Assignment –
Could you restate word for word every line of the records below, from the first one to the one holding "Molex #0398700104, Pluggable"?

Scraped caption text data:
+++++

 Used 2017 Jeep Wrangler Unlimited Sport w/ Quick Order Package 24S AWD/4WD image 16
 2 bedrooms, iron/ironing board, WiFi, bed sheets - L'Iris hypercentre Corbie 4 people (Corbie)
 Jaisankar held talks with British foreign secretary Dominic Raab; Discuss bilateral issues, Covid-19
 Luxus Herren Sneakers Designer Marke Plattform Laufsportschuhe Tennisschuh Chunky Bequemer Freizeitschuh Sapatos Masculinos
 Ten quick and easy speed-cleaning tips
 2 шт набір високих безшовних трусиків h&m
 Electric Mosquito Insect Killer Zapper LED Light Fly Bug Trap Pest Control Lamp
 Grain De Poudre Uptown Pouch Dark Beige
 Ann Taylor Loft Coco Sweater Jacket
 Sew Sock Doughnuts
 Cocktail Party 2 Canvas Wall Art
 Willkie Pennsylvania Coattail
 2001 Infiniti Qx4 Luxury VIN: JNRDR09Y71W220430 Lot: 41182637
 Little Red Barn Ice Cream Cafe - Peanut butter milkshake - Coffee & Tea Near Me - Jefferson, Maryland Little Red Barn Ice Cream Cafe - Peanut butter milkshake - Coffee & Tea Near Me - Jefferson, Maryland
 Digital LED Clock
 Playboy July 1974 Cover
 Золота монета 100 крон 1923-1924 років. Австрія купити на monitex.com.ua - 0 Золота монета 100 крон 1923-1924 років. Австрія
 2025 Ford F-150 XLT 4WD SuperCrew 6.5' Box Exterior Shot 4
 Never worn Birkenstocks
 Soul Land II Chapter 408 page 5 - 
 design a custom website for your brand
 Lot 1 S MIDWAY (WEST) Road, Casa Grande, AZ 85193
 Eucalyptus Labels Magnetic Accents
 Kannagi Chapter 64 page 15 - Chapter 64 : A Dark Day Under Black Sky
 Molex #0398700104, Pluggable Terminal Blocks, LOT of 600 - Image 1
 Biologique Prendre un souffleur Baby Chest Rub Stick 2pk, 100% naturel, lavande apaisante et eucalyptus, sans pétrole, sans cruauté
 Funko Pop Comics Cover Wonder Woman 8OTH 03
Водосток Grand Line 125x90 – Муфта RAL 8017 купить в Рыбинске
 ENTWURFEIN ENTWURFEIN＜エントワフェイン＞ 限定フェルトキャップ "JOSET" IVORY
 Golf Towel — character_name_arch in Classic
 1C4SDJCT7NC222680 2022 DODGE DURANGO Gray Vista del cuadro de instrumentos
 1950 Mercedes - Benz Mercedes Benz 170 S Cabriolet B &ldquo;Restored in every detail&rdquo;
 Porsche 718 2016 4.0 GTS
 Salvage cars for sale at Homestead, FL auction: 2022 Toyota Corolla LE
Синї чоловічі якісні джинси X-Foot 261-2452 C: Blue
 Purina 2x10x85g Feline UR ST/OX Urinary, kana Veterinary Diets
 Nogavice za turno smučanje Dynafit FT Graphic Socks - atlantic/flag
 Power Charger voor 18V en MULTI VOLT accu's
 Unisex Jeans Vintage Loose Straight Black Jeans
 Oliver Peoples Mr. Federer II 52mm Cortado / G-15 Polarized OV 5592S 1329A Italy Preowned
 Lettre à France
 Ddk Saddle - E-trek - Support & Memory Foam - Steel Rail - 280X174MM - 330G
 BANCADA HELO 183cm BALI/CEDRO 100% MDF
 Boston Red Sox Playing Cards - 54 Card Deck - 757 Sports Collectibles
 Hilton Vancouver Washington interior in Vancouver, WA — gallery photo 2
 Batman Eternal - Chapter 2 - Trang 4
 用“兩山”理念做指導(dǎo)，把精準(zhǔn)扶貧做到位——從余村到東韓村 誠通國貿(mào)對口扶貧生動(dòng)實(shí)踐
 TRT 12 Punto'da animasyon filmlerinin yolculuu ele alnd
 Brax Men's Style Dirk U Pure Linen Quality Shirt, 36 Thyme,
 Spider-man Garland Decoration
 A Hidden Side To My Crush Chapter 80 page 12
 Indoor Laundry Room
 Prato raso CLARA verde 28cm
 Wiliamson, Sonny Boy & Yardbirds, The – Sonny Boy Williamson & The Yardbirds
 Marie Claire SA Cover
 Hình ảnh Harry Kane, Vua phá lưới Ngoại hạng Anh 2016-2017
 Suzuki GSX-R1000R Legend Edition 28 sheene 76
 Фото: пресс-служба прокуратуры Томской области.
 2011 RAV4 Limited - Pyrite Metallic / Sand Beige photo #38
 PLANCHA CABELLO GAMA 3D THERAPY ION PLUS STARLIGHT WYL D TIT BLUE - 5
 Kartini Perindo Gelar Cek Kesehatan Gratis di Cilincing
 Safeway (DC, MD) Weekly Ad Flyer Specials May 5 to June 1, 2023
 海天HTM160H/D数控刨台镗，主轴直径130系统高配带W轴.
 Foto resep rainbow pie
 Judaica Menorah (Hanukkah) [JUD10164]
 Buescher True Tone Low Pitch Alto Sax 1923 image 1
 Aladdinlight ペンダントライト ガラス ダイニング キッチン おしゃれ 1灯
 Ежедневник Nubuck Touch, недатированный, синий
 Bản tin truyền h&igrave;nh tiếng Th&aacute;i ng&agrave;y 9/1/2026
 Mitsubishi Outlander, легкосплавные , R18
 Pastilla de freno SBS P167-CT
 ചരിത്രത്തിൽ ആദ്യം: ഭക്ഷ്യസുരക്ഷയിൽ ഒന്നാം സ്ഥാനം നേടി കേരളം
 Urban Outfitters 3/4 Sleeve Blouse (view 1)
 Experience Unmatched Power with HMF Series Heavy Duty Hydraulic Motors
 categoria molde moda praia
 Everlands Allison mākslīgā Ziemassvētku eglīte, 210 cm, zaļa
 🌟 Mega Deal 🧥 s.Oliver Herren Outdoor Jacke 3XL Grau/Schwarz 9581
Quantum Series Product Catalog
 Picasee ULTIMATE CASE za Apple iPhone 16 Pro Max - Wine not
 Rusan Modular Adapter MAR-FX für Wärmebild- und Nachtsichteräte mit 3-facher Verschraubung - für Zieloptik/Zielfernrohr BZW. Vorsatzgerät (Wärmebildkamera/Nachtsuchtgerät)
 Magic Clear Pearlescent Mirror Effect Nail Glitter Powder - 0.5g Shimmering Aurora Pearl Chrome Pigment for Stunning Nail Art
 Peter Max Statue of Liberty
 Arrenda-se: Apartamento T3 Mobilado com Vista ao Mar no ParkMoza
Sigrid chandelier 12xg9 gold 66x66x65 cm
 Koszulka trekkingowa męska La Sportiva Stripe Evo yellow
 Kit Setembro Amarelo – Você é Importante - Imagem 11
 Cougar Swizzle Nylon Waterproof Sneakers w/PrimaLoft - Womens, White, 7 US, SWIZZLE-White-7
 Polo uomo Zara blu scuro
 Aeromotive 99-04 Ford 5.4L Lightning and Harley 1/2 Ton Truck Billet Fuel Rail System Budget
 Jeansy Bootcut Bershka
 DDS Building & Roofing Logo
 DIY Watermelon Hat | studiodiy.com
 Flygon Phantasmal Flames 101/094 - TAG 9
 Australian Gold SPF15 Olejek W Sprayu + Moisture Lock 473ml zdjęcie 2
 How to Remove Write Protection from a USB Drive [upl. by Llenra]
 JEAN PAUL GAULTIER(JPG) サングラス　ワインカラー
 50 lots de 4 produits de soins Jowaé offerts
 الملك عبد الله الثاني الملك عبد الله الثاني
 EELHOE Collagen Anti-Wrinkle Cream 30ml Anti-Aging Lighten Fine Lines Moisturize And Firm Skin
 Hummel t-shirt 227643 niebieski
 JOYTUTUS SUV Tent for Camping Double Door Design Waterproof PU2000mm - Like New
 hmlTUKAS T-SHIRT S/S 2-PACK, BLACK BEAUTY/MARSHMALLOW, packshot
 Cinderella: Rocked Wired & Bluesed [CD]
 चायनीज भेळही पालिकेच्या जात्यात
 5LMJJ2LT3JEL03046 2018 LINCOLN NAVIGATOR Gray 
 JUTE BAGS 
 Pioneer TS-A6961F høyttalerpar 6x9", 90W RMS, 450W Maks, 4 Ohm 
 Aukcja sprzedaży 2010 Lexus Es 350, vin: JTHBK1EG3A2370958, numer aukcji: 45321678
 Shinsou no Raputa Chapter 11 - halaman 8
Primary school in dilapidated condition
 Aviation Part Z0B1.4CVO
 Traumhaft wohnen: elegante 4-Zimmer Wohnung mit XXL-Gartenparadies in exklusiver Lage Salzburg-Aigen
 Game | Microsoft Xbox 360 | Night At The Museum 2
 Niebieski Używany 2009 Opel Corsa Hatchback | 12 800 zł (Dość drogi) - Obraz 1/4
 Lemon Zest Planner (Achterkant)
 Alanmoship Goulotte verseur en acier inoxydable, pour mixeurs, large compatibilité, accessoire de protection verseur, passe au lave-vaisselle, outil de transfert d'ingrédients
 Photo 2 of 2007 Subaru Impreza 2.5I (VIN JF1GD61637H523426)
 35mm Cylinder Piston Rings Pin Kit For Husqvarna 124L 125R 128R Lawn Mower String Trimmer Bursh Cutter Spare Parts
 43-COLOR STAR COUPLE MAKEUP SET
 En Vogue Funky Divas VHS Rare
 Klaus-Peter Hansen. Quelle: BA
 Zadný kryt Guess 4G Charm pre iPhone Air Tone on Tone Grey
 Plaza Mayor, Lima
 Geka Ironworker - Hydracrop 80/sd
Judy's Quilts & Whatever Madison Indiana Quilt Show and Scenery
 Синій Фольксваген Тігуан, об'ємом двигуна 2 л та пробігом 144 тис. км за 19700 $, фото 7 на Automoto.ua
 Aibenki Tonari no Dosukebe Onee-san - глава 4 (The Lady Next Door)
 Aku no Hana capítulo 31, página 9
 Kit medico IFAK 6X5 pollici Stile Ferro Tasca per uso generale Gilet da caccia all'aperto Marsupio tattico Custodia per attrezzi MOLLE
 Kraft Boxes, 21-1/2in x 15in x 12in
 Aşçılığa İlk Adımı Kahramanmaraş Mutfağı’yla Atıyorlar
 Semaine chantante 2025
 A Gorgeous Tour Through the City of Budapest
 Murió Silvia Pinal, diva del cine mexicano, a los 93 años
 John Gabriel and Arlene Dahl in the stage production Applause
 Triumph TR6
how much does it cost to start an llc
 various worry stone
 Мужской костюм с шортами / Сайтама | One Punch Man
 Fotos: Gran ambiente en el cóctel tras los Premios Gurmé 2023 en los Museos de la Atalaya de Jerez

+++++

Solution to this problem –
 Used 2017 Jeep Wrangler Unlimited Sport w/ Quick Order Package 24S AWD/4WD image 16
 2 bedrooms, iron/ironing board, WiFi, bed sheets - L'Iris hypercentre Corbie 4 people (Corbie)
 Jaisankar held talks with British foreign secretary Dominic Raab; Discuss bilateral issues, Covid-19
 Luxus Herren Sneakers Designer Marke Plattform Laufsportschuhe Tennisschuh Chunky Bequemer Freizeitschuh Sapatos Masculinos
 Ten quick and easy speed-cleaning tips
 2 шт набір високих безшовних трусиків h&m
 Electric Mosquito Insect Killer Zapper LED Light Fly Bug Trap Pest Control Lamp
 Grain De Poudre Uptown Pouch Dark Beige
 Ann Taylor Loft Coco Sweater Jacket
 Sew Sock Doughnuts
 Cocktail Party 2 Canvas Wall Art
 Willkie Pennsylvania Coattail
 2001 Infiniti Qx4 Luxury VIN: JNRDR09Y71W220430 Lot: 41182637
 Little Red Barn Ice Cream Cafe - Peanut butter milkshake - Coffee & Tea Near Me - Jefferson, Maryland Little Red Barn Ice Cream Cafe - Peanut butter milkshake - Coffee & Tea Near Me - Jefferson, Maryland
 Digital LED Clock
 Playboy July 1974 Cover
 Золота монета 100 крон 1923-1924 років. Австрія купити на monitex.com.ua - 0 Золота монета 100 крон 1923-1924 років. Австрія
 2025 Ford F-150 XLT 4WD SuperCrew 6.5' Box Exterior Shot 4
 Never worn Birkenstocks
 Soul Land II Chapter 408 page 5 - 
 design a custom website for your brand
 Lot 1 S MIDWAY (WEST) Road, Casa Grande, AZ 85193
 Eucalyptus Labels Magnetic Accents
 Kannagi Chapter 64 page 15 - Chapter 64 : A Dark Day Under Black Sky
 Molex #0398700104, Pluggable Terminal Blocks, LOT of 600 - Image 1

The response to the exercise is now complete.